The wine in this historic French region is considered the best that money can buy.
Of course, this means that they can also be some of the most expensive wines in the world.
It is its terroir which makes the wine so special and those who choose to drink the produce from the region can almost completely taste the region itself.
A Short History of the Bourgogne Wine Region
Winemaking in the Bourgogne region can be traced back to the Roman times, approximately 2,000 years ago.
Back then, wines were seasoned with herbs and the addition of honey was popular, and the Romans were fascinated by those who did not add water to their wine.
With the departure of the Romans, it was feared that winemaking would fall out of favour.
That was not to be as the monks took over and then went on to dominate the industry.
Changes in the traditional ways of winemaking came with the monks, most notably their forbiddance of adding water to the wine.

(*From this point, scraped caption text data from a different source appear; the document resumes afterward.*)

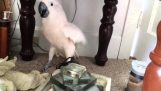 O papagaio não quer ir ao veterinário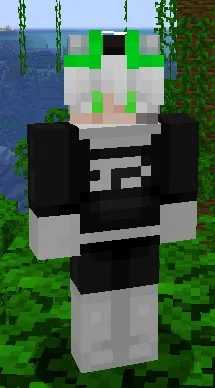 Phantom Accessories, Моды, Minecraft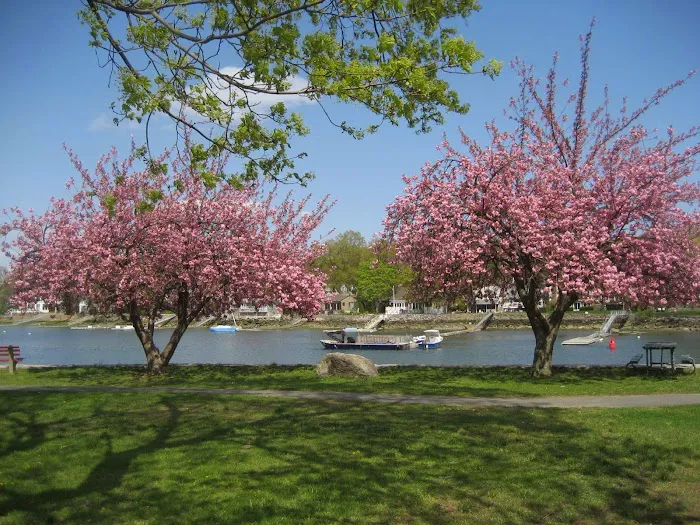 Harbor Healing & Wellcare Picture 6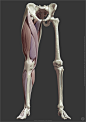 Leg anatomy, Jekabs Jaunarajs : Human legs, modeled at anatomynext.com, based on radiology scans, Theime atlas of anatomy, and expert advise.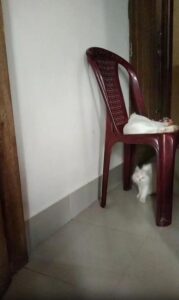 꼬리 잡기 놀이, 의자 위아래의 고양이 형제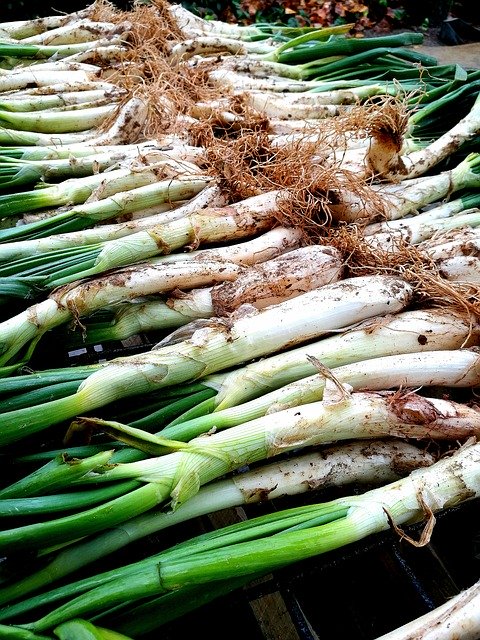 Free download Calçots Barbecue Onions free photo template to be edited with GIMP online image editor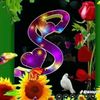 asd.jokhio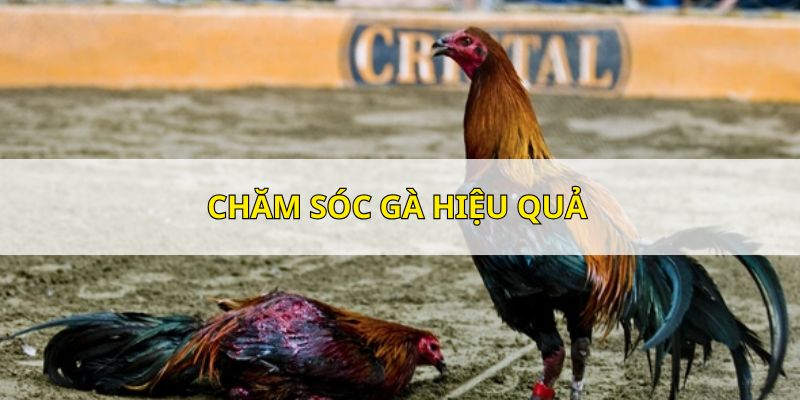 Các giống gà đá hay cần được chăm sóc cẩn thận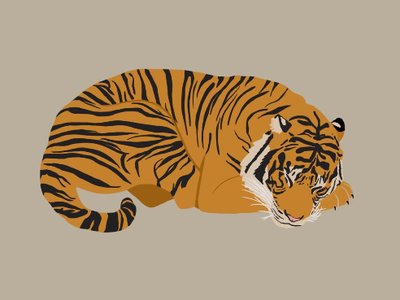 Sleeping Tiger illustration procreate tiger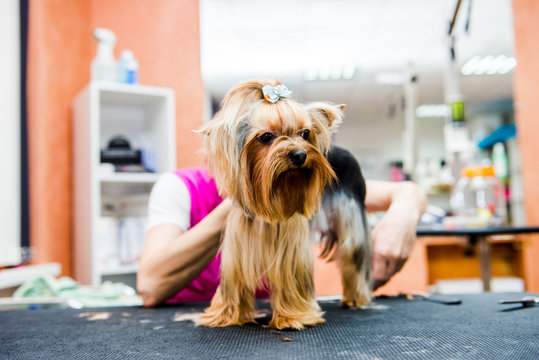 Hairdresser mows Yorkshire Terrier fur on the ear with a trimmer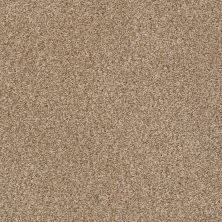 Shaw Floors SFA Find Your Comfort Tt I TEXTURE Falling Leaves (t) 720T_EA817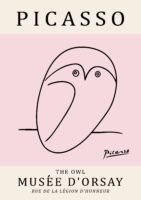 PICASSO owl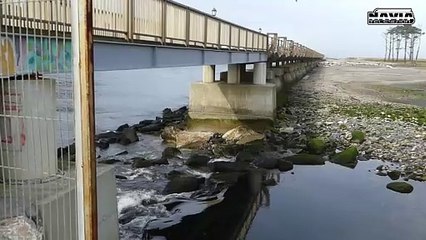 ENTORNO DE LA PLAYA DE NAVIA 2025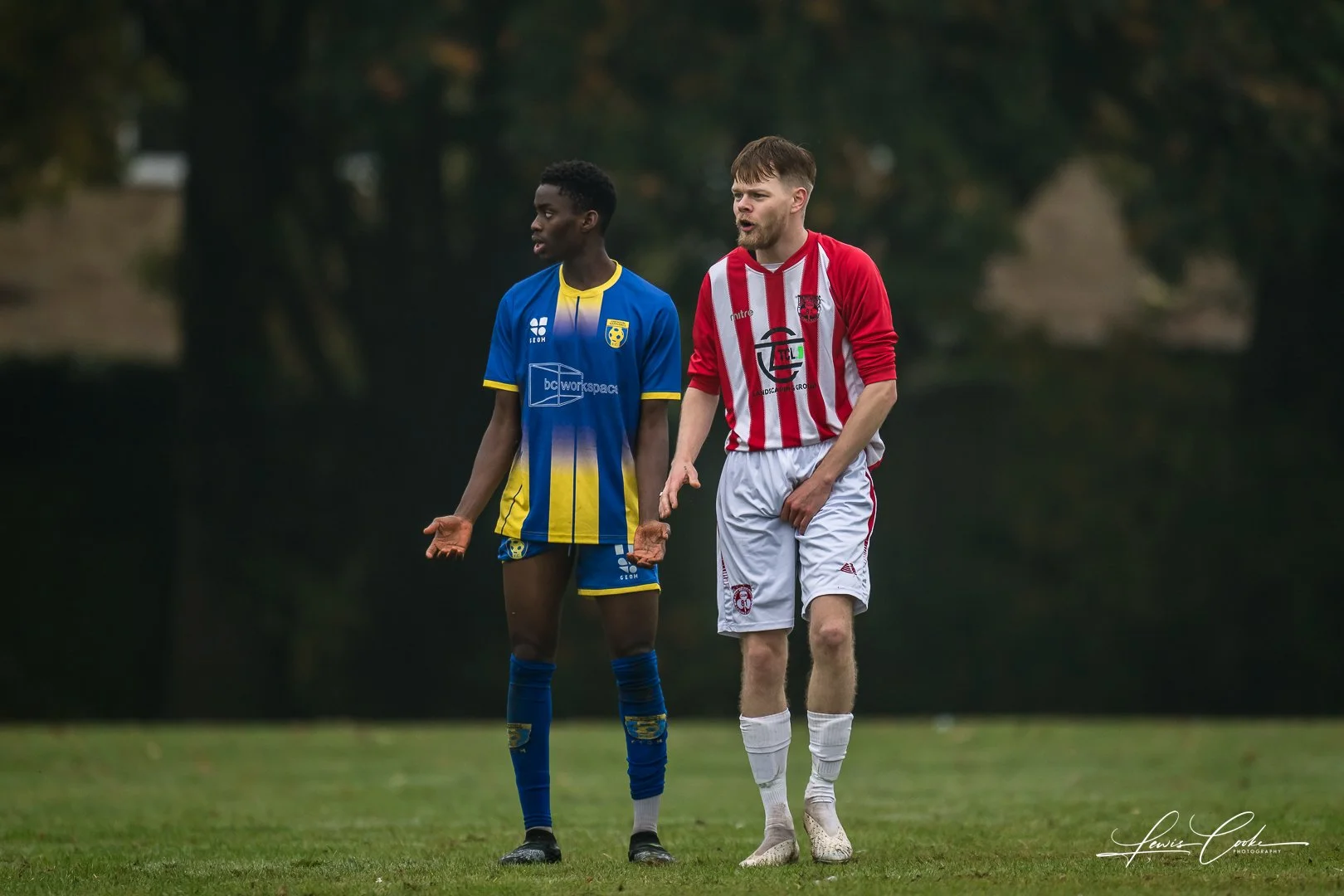  055 DSC_4249 251012.jpg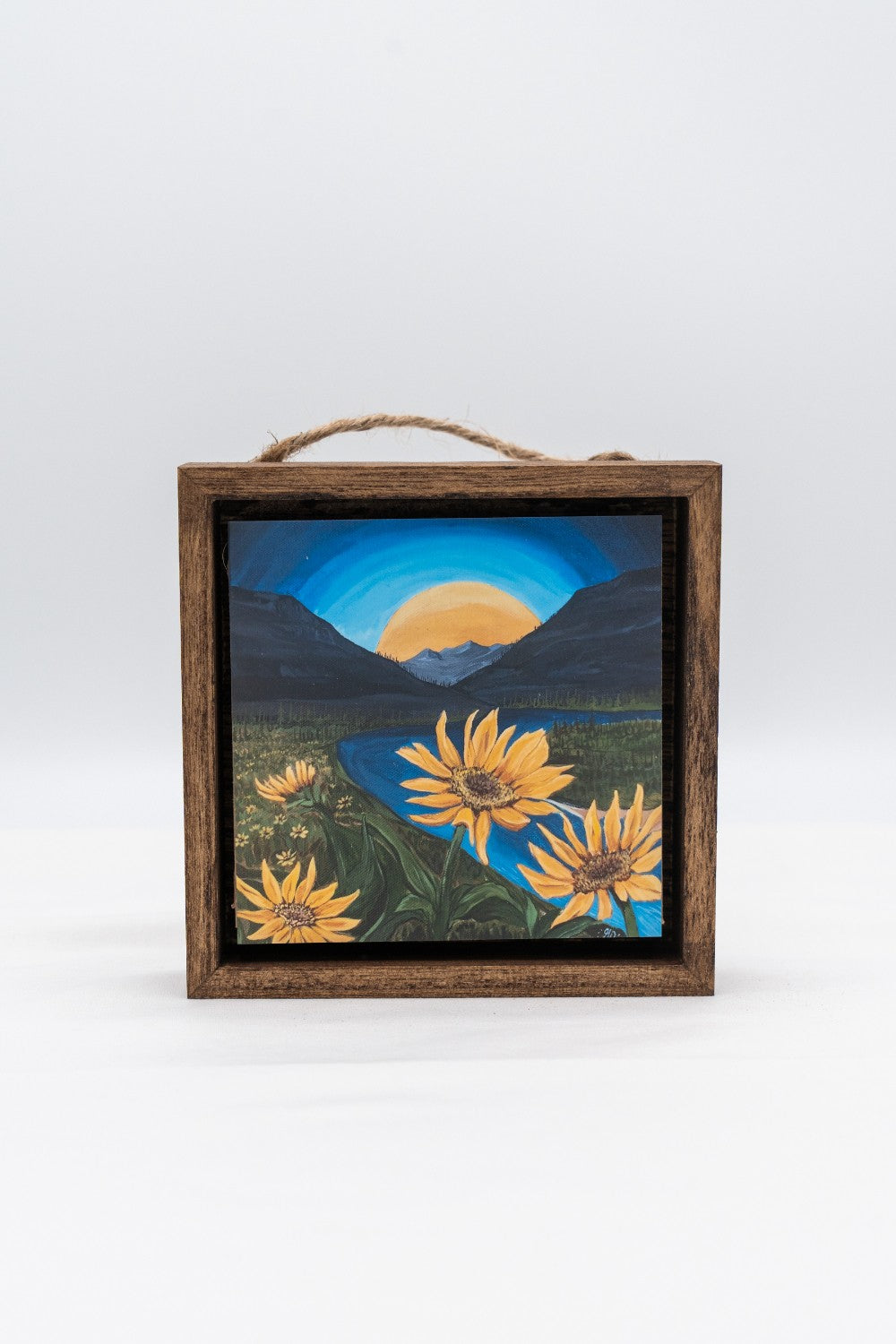 Balsamroot on the Flathead River Shadow Box|330
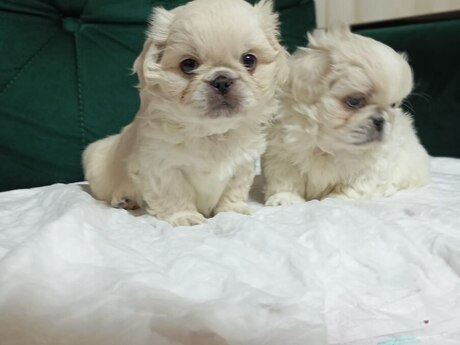 Pekines 
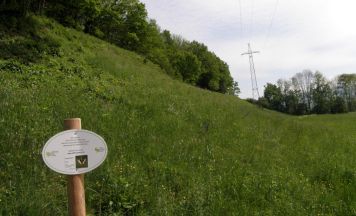 Naturschutz-Mitmachaktion in Steyr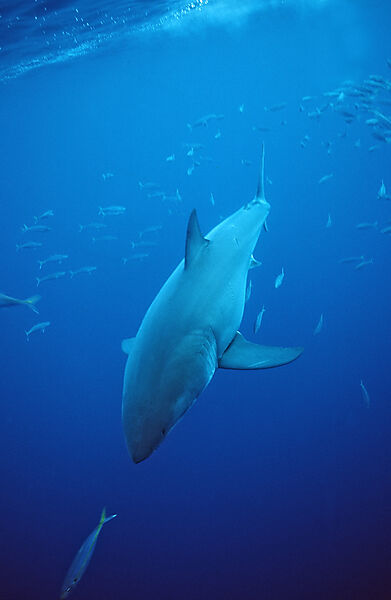 Great White Shark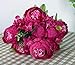 Duovlo Springs Flowers Artificial Silk Peony Bouquets Wedding Home Decoration,Pack of 1 (Spring Hot Pink)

However, it was their impeccable note taking and record making that is considered their greatest contribution.
Following the monks were the merchants and businessmen who took Bourgogne wine to the rest of the world.
Today, sales of the region’s famous wine are divided about 50-50 between winegrowers and merchant negotiators.
What Defines a Bourgogne Wine?
To understand what defines a Bourgogne wine, it is important to know the breakdown of the wine produced in the region:
1% Grand Cru - e.g. Grands-Echézeaux, Montrachet
10% Premier Cru - e.g. Vosne-Romanée 1er Cru
37% Village Wines - e.g. Savigny-Les-Beaune
52% Regional Wines - e.g. Crémant de Bourgogne
Within this breakdown are the following definitions:
Those defined as regional wines are light and fruity and are most often drank as sippers or aperitif wines.
These wines can be distinguished by its label (Bourgogne Rouge is red and Bourgogne Blanc is white).
Also available is the Crémant de Bourgogne sparkling wine.
Village wines are named after the towns near to where the grapes are sourced, for instance Givry and Santenay.
They are light and fruity like regional wines, but do tend to be a bit more complex.
Premier Cru Burgundy
There are special vineyards growing the produce for Premier Cru wines called climats.
The wines produced here are more intense than regional or village wines, probably due to the type of soil in which the grapes are grown.
Grand Cru Burgundy
Grand Cru Burgundy are perhaps the most famous of the Bourgogne wines, with Romanée Conti, La Tâche and Montrachet the most recognisable.
These bold wines are also the most expensive produced in the region.
Food Pairings with Bourgogne Wines
There are a plentitude of fine wines from the Bourgogne region which would perfectly compliment your meal, However, there seven bottles which just make everything a bit more special:
Crémant de Bourgogne: intended as a teaser wine. Perfect as an aperitif for those looking for an alternative to champagne.
Bourgogne Côte Chalonnaise: light and fresh and works well with oyster soup.
Chassagne Montrachet: another great match for oyster soup, but even better with tartar.
Pouilly-Fuissé: very tasty with brie and hard cheeses.
Bourgogne Pinot Noir: pairs wonderfully with cod but is also particularly tasty with charcuterie or cheese.
Mercurey: works well with grilled meat and fish.
Nuits-Saint-Georges: excellent with poultry dishes.
A more general guide to Bourgogne wine and food pairing is as follows:
Chablis White Wines: best served with seafood and fish dishes.
Cote de Beaune White Wines: ideal with lobster or any cream based dish. Also good with all kinds of cheeses.
Macon and Cote Chalonnaise White: preferable with simple fish dishes and salads.
Cote de Nuits Red: tasty with roasts or stews made from game or beef.
Cote de Beaune Red: best paired with poultry.
Cote Chalonnaise Red: grilled chicken or beef are best accompanying dishes.
Beaujolais: tasty with poultry or grilled fish.